PROBLEM DESCRIPTION
With pictures excluded, copy word for word the lines in the data below from the line containing "Songs of Many" through the line containing "What is an Interactive".

INPUT RECORDS
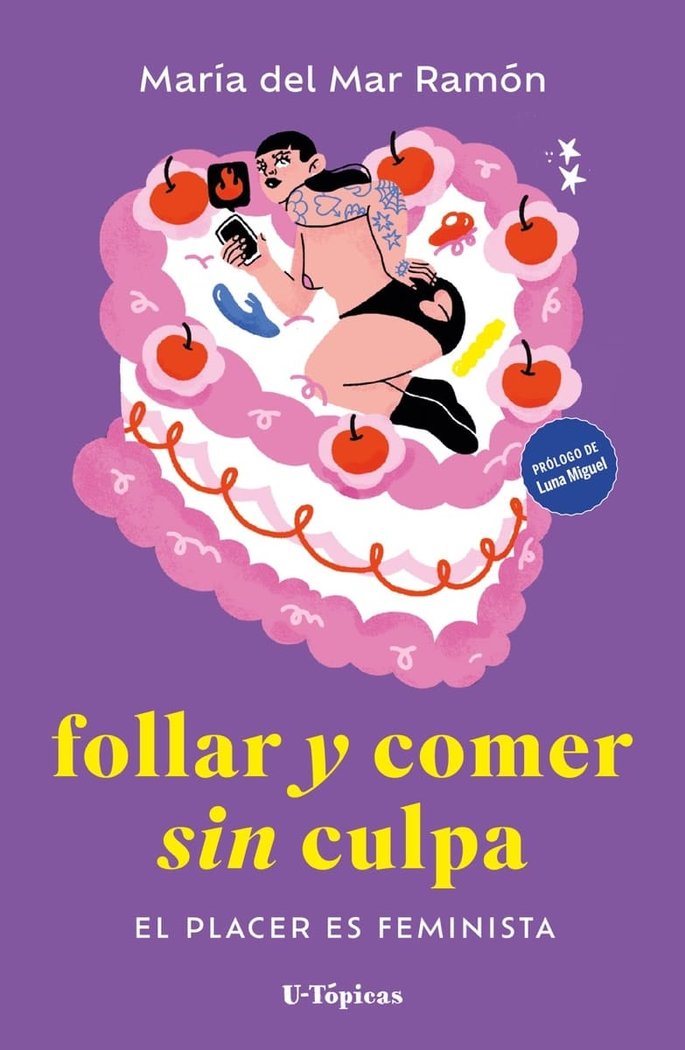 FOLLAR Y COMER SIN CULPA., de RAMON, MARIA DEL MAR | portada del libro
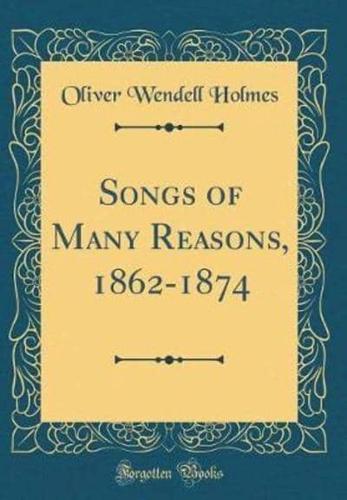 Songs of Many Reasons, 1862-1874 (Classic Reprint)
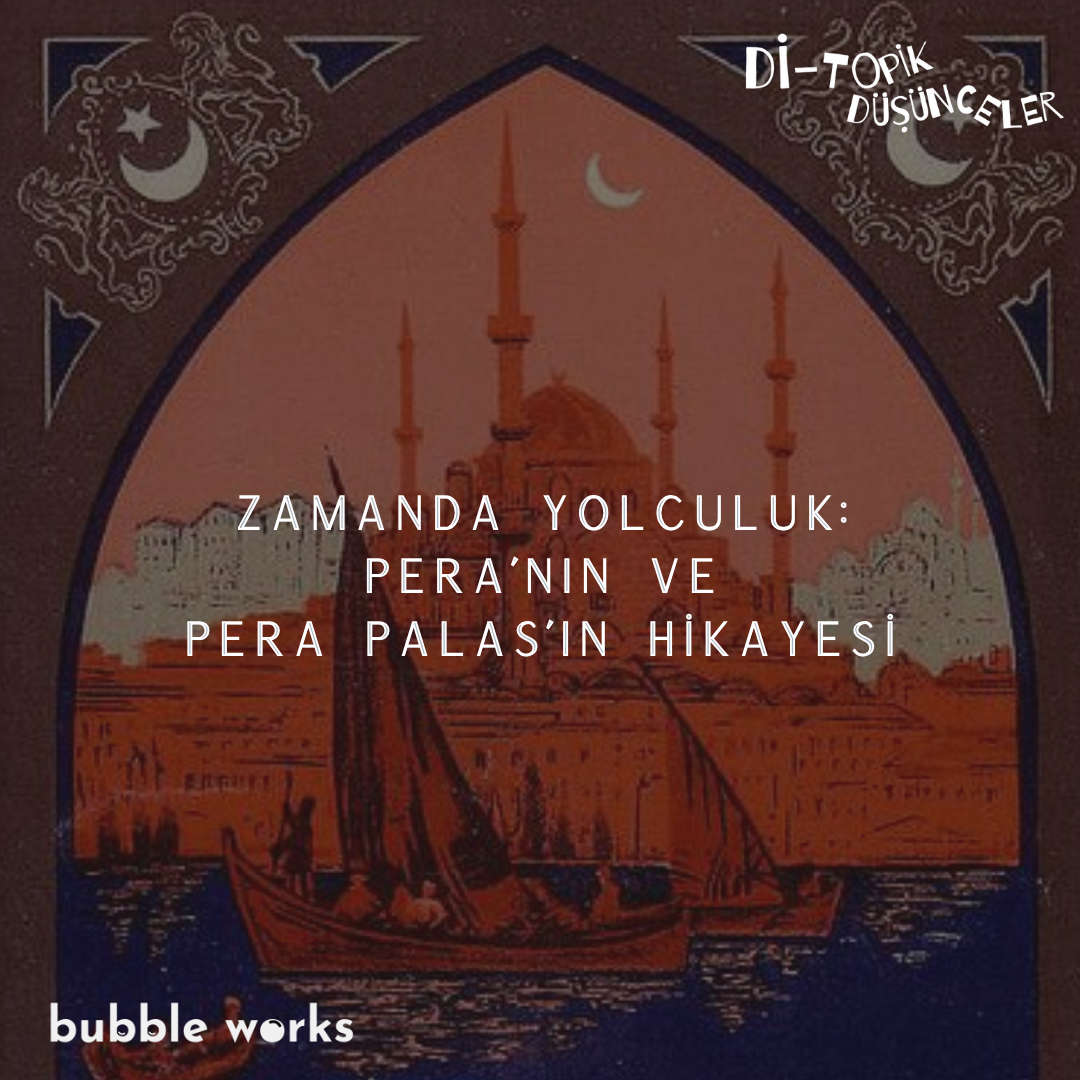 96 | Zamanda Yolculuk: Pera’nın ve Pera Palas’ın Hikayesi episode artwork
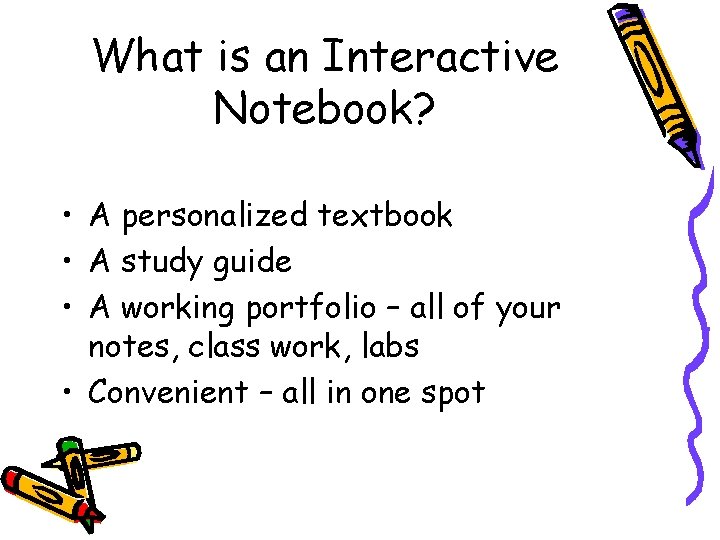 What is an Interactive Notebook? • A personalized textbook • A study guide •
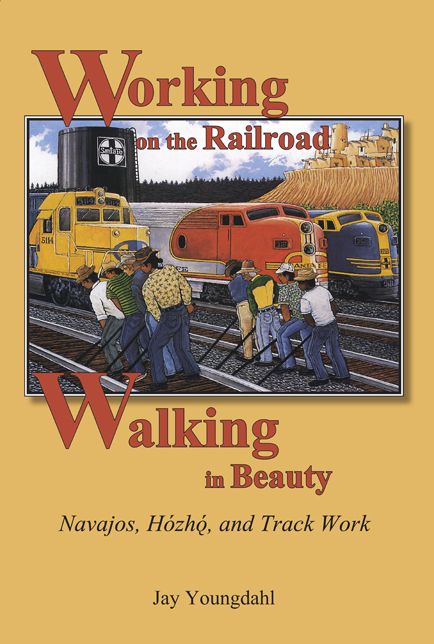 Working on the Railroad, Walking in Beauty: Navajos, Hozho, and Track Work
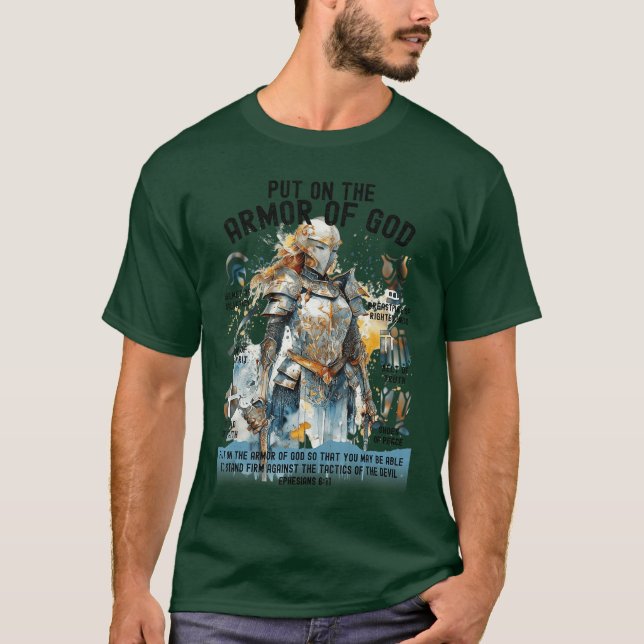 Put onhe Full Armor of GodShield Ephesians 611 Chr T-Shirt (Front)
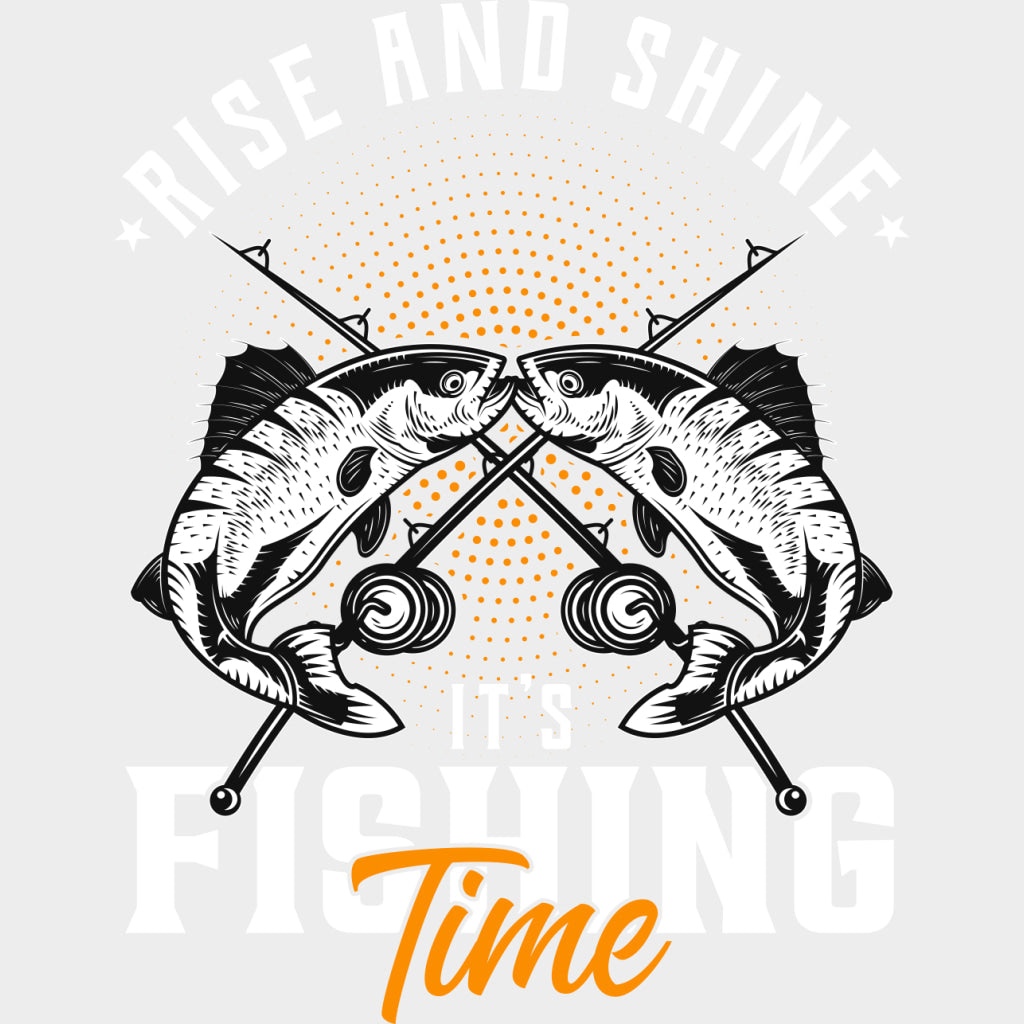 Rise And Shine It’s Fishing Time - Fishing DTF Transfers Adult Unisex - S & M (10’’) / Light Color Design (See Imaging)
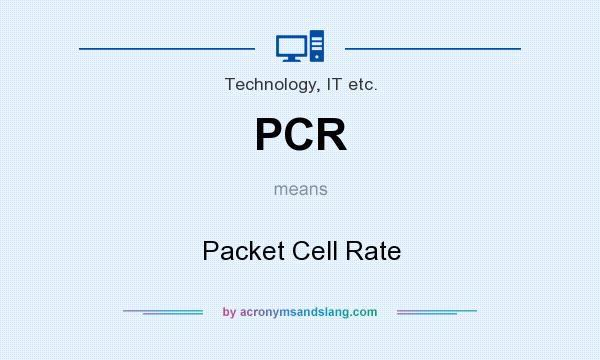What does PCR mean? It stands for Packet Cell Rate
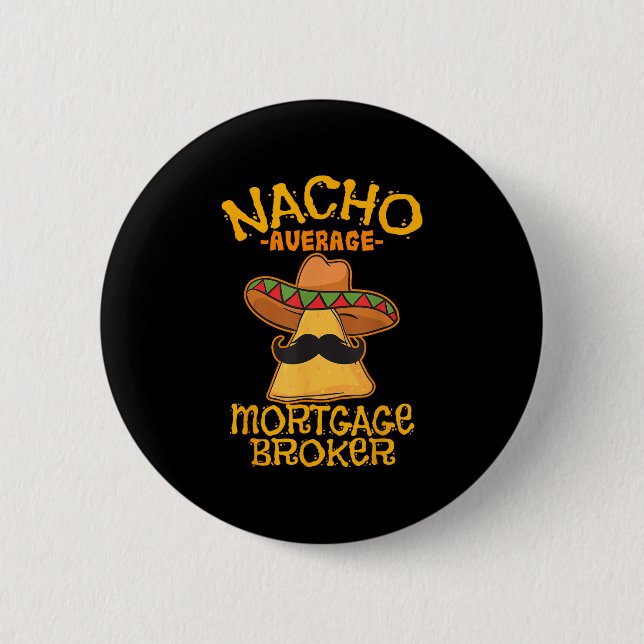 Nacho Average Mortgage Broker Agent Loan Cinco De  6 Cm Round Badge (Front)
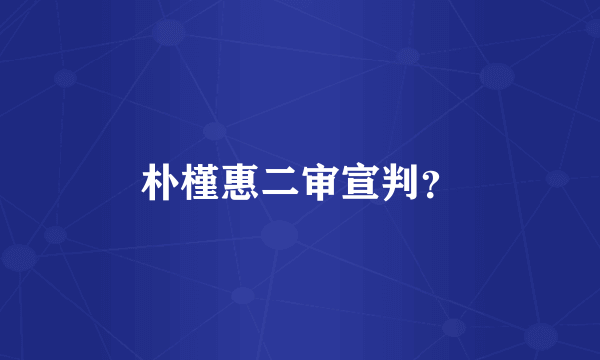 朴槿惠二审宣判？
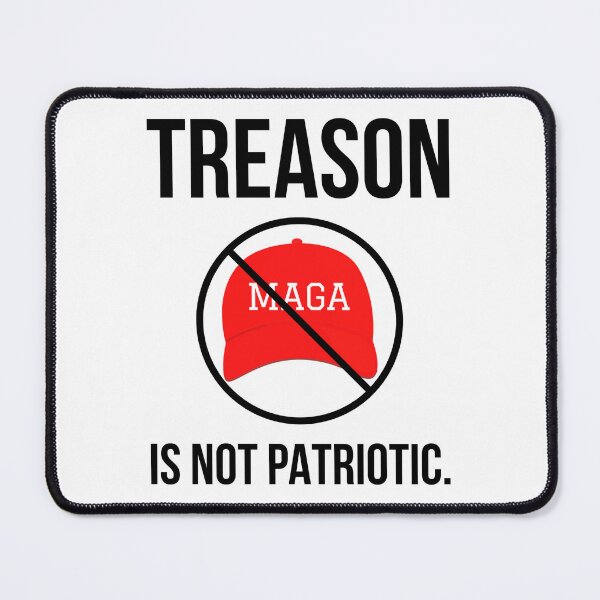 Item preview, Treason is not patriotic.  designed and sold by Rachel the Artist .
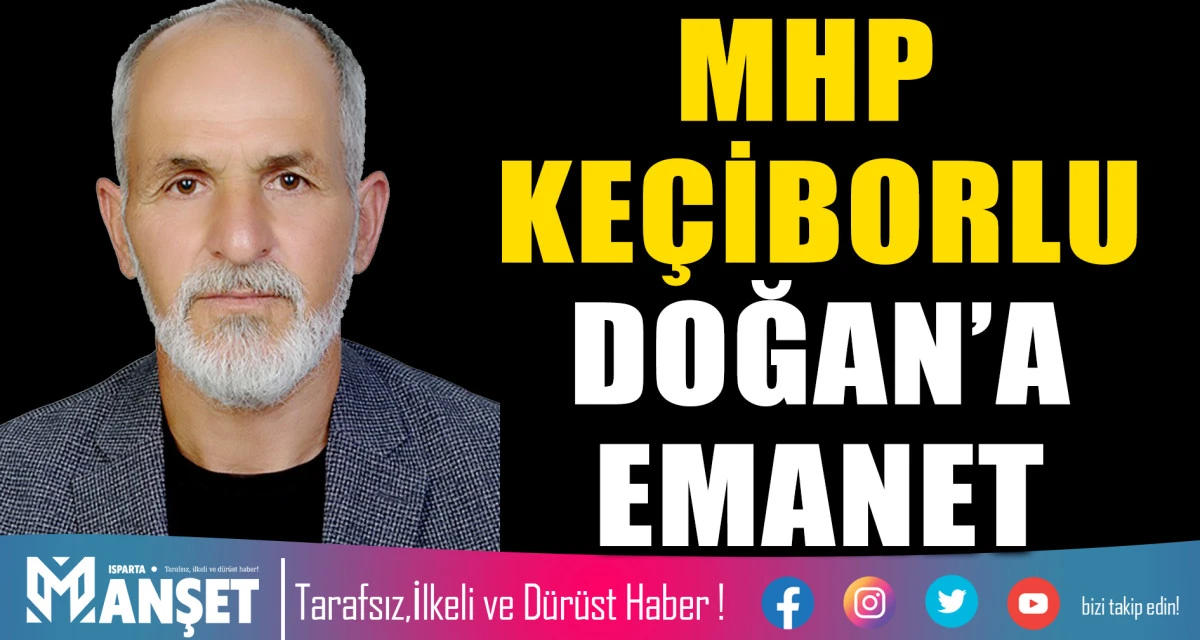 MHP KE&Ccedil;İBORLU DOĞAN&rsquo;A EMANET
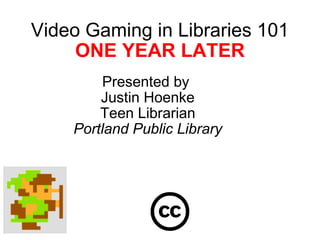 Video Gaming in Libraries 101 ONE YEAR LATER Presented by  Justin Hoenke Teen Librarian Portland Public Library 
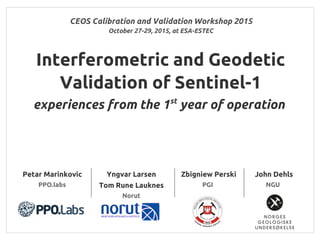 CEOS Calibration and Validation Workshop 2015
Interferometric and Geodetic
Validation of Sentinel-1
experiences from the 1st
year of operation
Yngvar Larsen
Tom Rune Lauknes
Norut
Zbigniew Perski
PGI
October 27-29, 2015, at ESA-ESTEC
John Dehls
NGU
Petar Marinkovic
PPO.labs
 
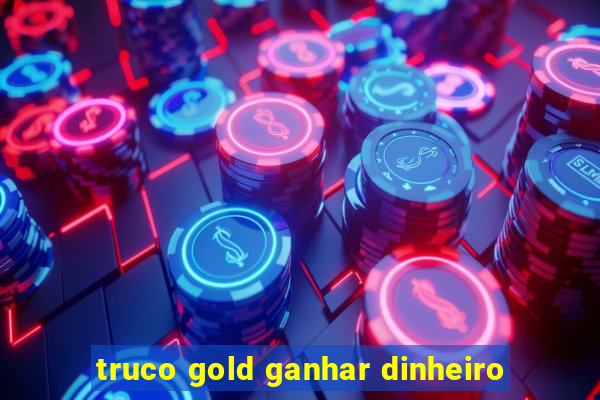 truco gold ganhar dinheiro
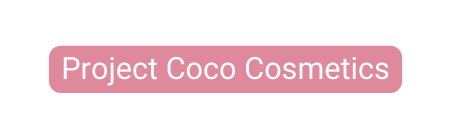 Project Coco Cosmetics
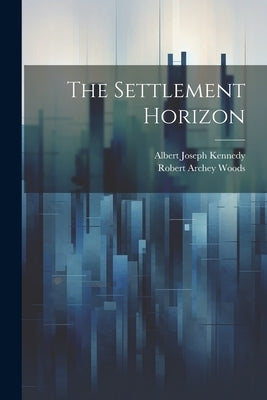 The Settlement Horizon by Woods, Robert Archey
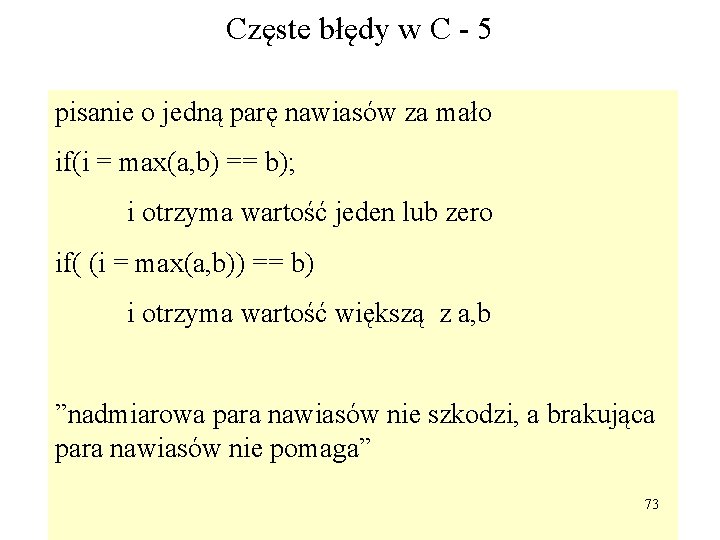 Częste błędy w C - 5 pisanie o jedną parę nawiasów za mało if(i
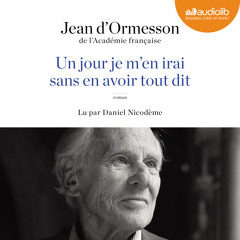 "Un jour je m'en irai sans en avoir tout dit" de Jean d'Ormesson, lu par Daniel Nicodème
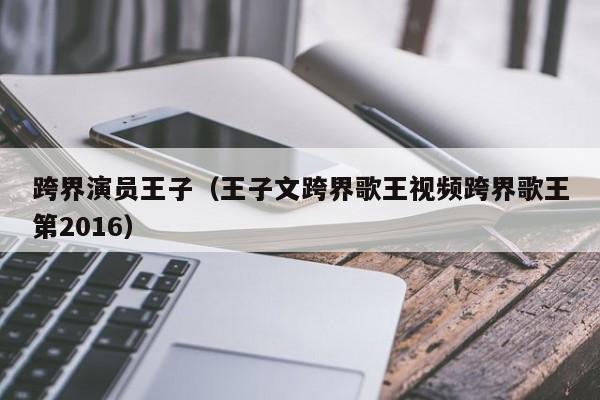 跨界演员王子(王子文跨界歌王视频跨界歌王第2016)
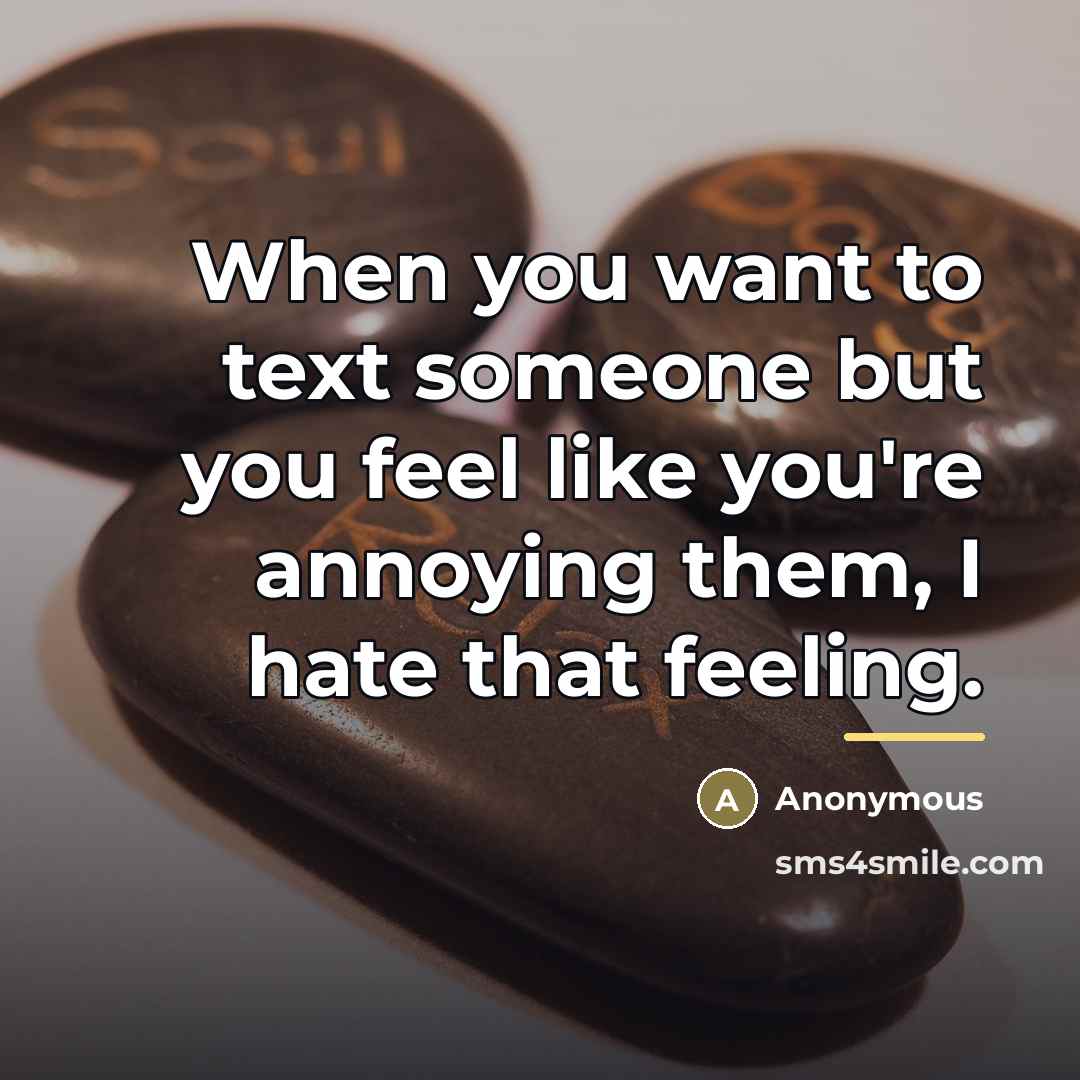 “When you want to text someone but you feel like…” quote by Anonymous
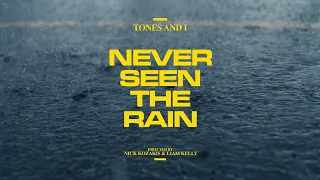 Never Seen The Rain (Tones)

OUTPUT
 Songs of Many Reasons, 1862-1874 (Classic Reprint)
 96 | Zamanda Yolculuk: Pera’nın ve Pera Palas’ın Hikayesi episode artwork
 What is an Interactive Notebook? • A personalized textbook • A study guide •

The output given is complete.